Rencontrer les enseignants
Xavier SerraFull Professor
Dept. of Information and Communication Technologies, UPF
Prof Julius O Smith, IIIProfessor of Music and (by courtesy) Electrical Engineering
CCRMA
Welcome back to the course on RSNO processing for music applications.
We are in the second week in the course and
this is the second part of the lecture on the Discrete Fourier Transform.
In the first part we focused on the basic equation of the DFT,
so now let's continue.
We will briefly review the DFT equation, and then we will talk about how the DFT
works when our input signal is a complex sinusoid, or when it’s a real sinusoid.
And then we will talk about the Inverse-DFT.

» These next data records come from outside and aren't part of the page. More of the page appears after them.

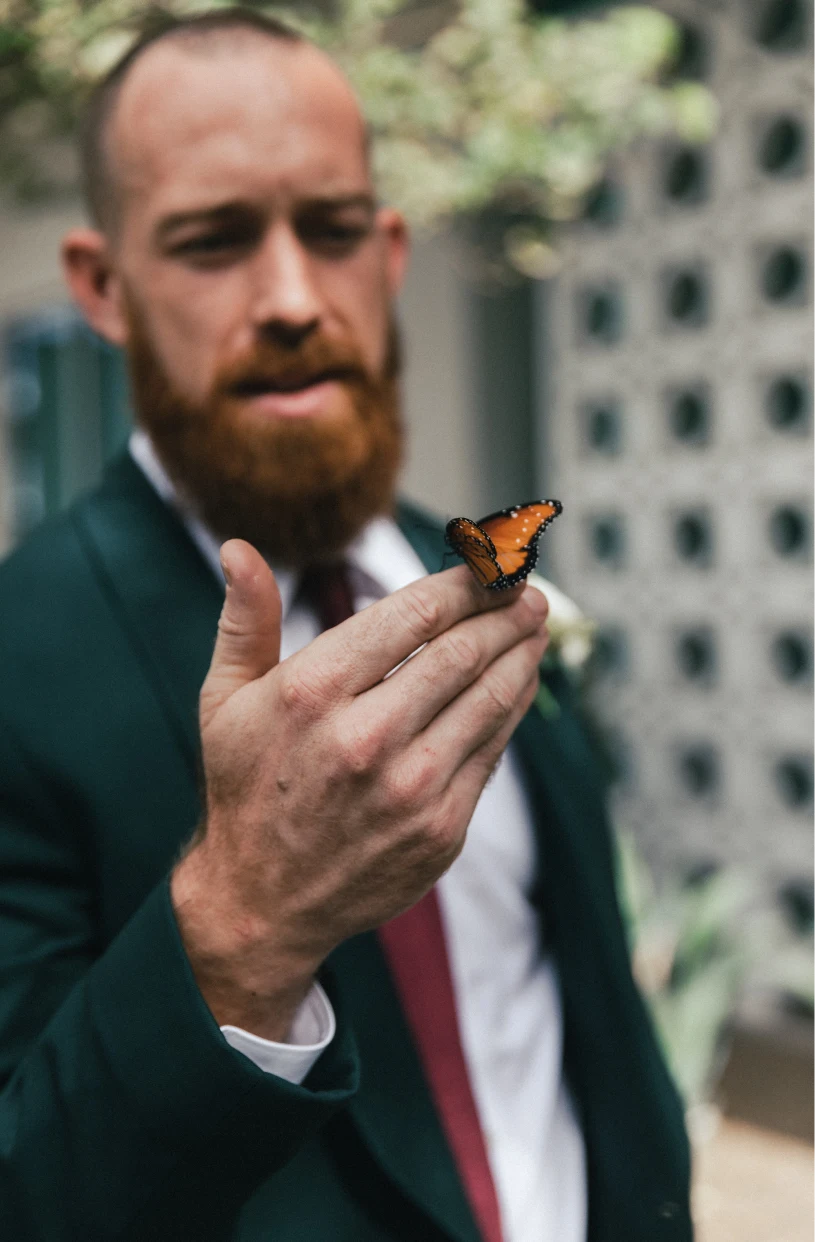 Man with a butterfly on his hand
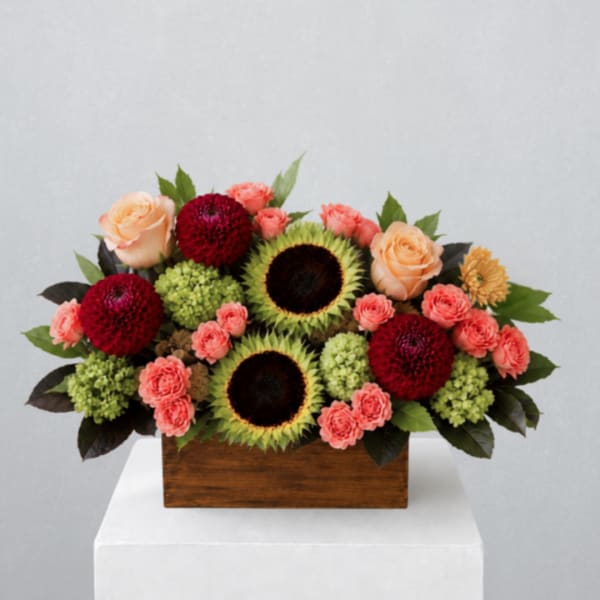Mixed bouquet with sunflowers, roses, and dahlias in a wooden box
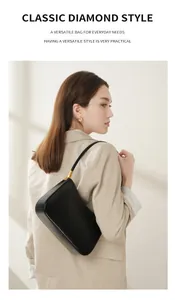 Side view of black leather half-moon shoulder bag with elegant gold buckle on strap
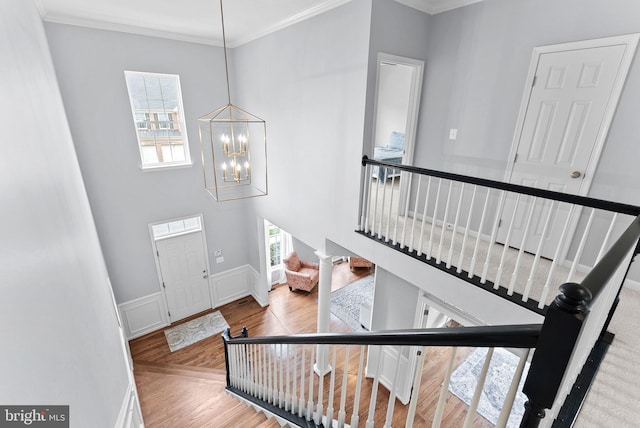 foyer entrance with crown molding, stairs, wood finished floors, and a chandelier
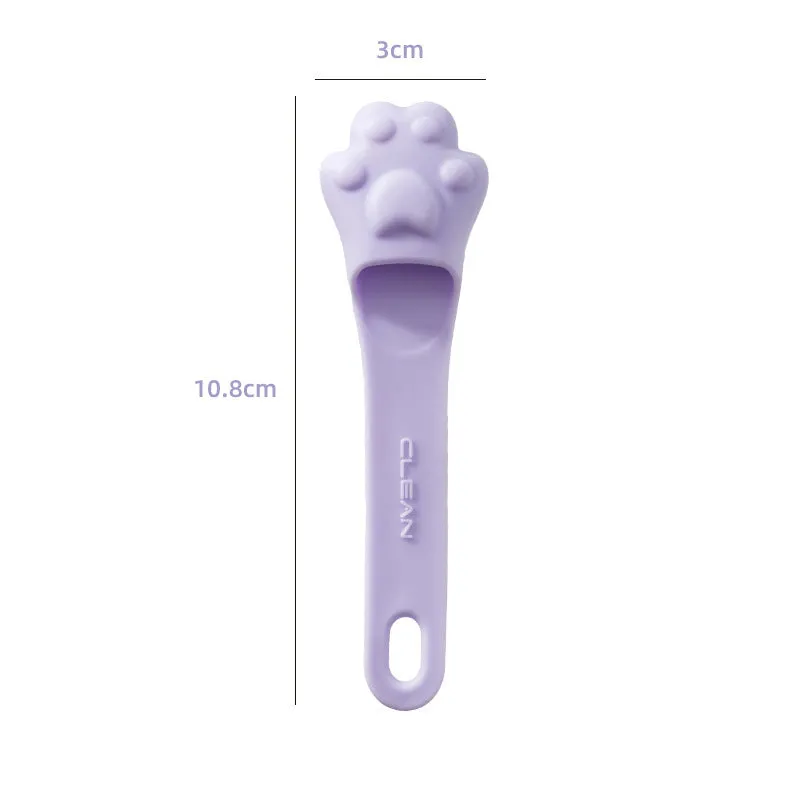 Silicone finger cover toothbrush for dogs and cats in pink, purple, yellow, and white.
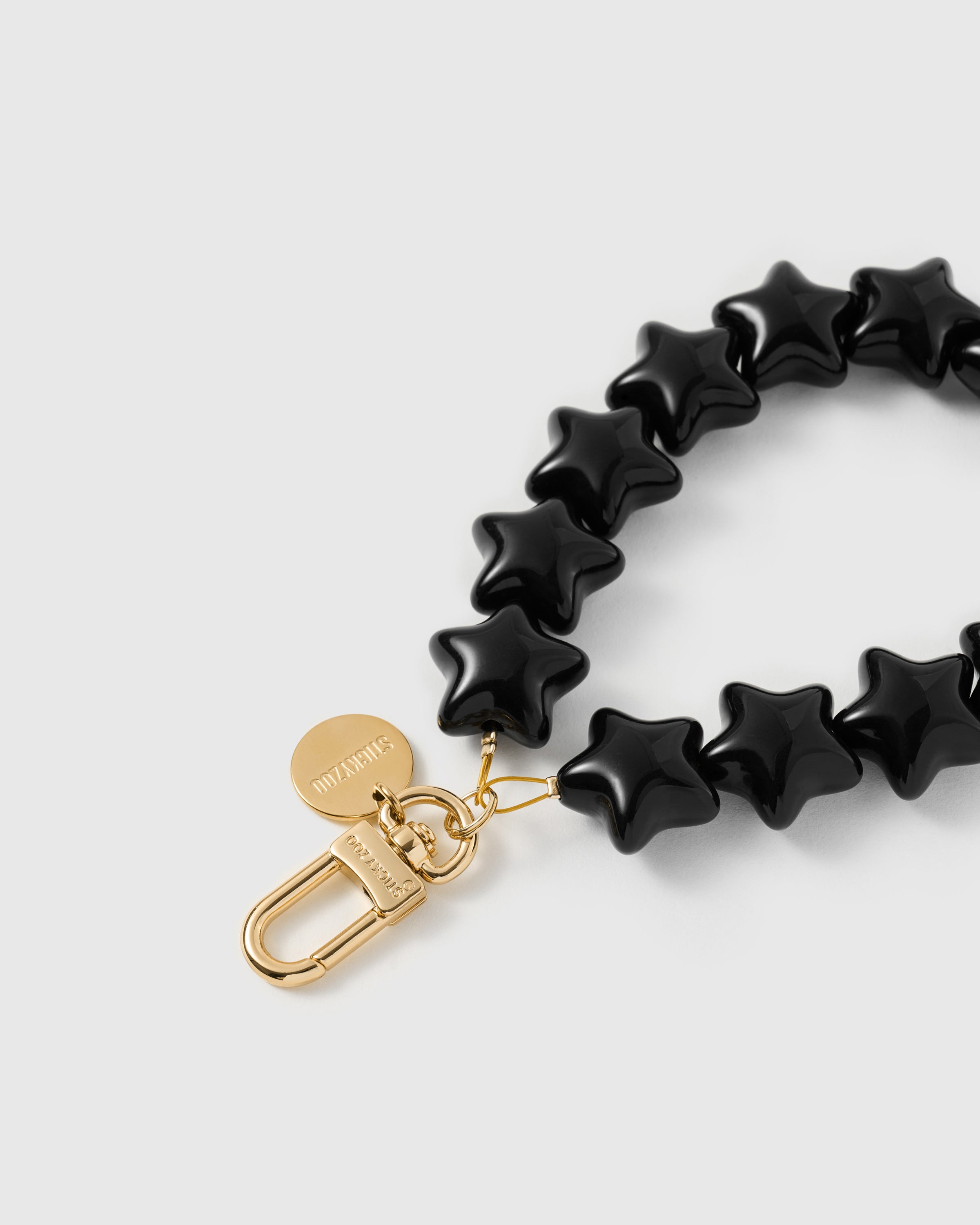 Close-up of 18K gold-plated carabiner and engraved STICKYZOO disc on noir star bead strand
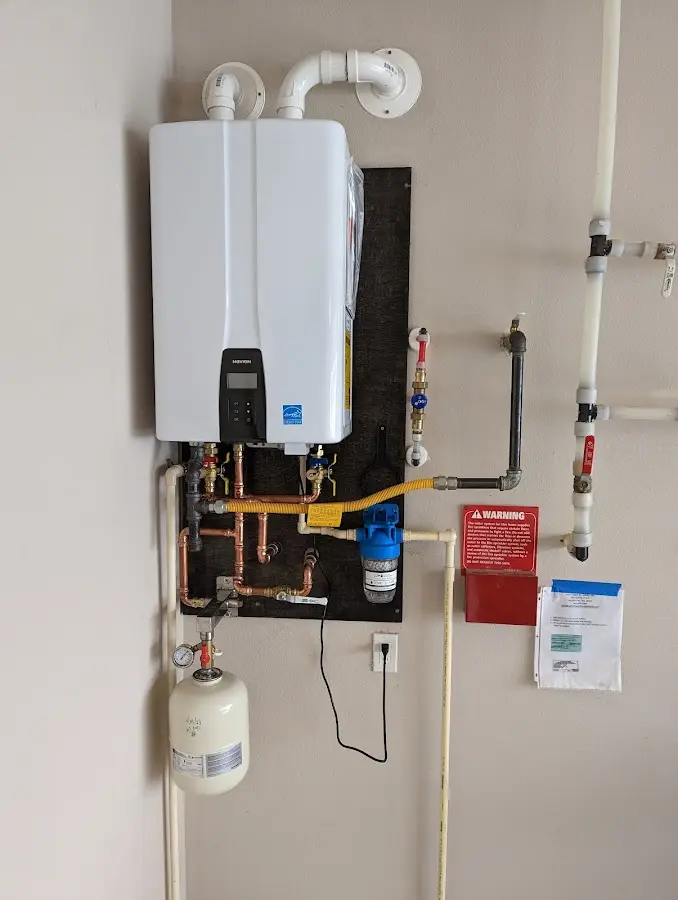 Professional plumber installing copper piping in a Walpole home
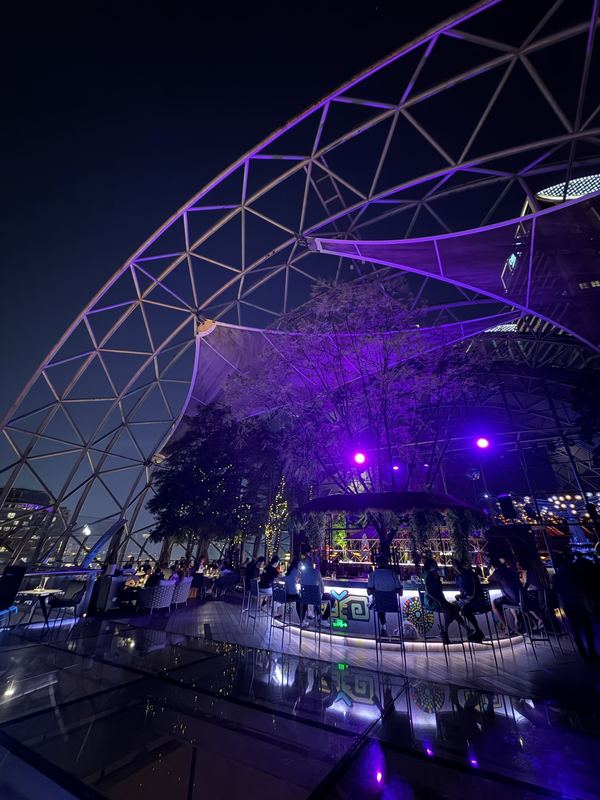 The glass dome of SHUA sky bar inside The Crystal, lit purple at night, with a tree and a round bar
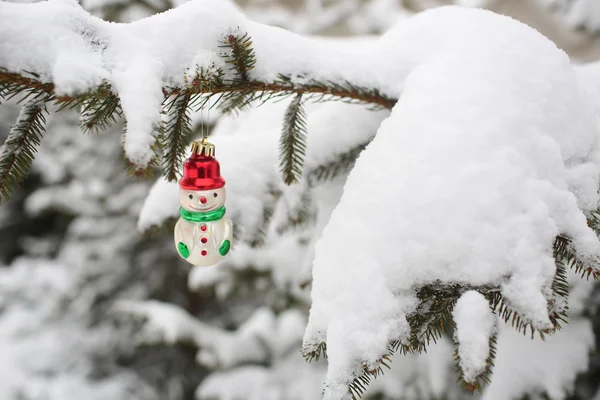 Hóember játék lóg a fenyő-ban téli fa háttér — Stock Fotó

So DFT can be understood as the projection of a signal into a finite
set of complex sine waves.
Thus, it is able to identify how much of each of these sinusoids
is present in the signal.
So from the equation, the concept of the inner
product expresses this idea that the signal,
x of n when we project it on the complex sinusoid
it's e to the minus j to pi k n over N.
We are basically measuring the amount of the sinusoids in the signal.
If we show an example, this violin sound, so we are taking a fragment of this sound.
[MUSIC]
Okay, so we are taking capital N samples of this violin sound and
we are projecting it into these complex sinusoids that we are generating.
Under result is this spectrum express in units,
so we see the magnitude and the phase spectrum.
In the magnitude we see the amount of each of the sinusoids present in the signal,
and in the phase we are identifying the location of these
sinusoids with respect to time zero.
So, if we plan how to compute the DFT of one single complex sinusoid,
we'll understand this concept a little bit better.
So let's start from an input signal, x sub 1, which is
defined as a complex sinusoid of length, capital N, and
has a given frequency expressed by this index, k sub 0.
And what we going to do is, we're going to substitute our input
signal X in our DFT equation by these complex sinusoid.
So therefore, we have a product of two complex sinusoids,
we can sum the exponents, and we obtain a single
complex sinusoid with a more complex exponent.
And this, in fact, is the sum of a geometric series, and
therefore, it has a closed form that can be expressed by this equation.
And by basically inspecting this equation we can see that when
k is not equal to k sub 0, the denominator
is not 0, and the numerator is 0.
Therefore, all the output signal X of k
is equal to capital N when k is equal to k sub 0, and is equal to 0 for the rest.
So what we're saying is that it has a single value
that k equals k sub 0 and this value is n.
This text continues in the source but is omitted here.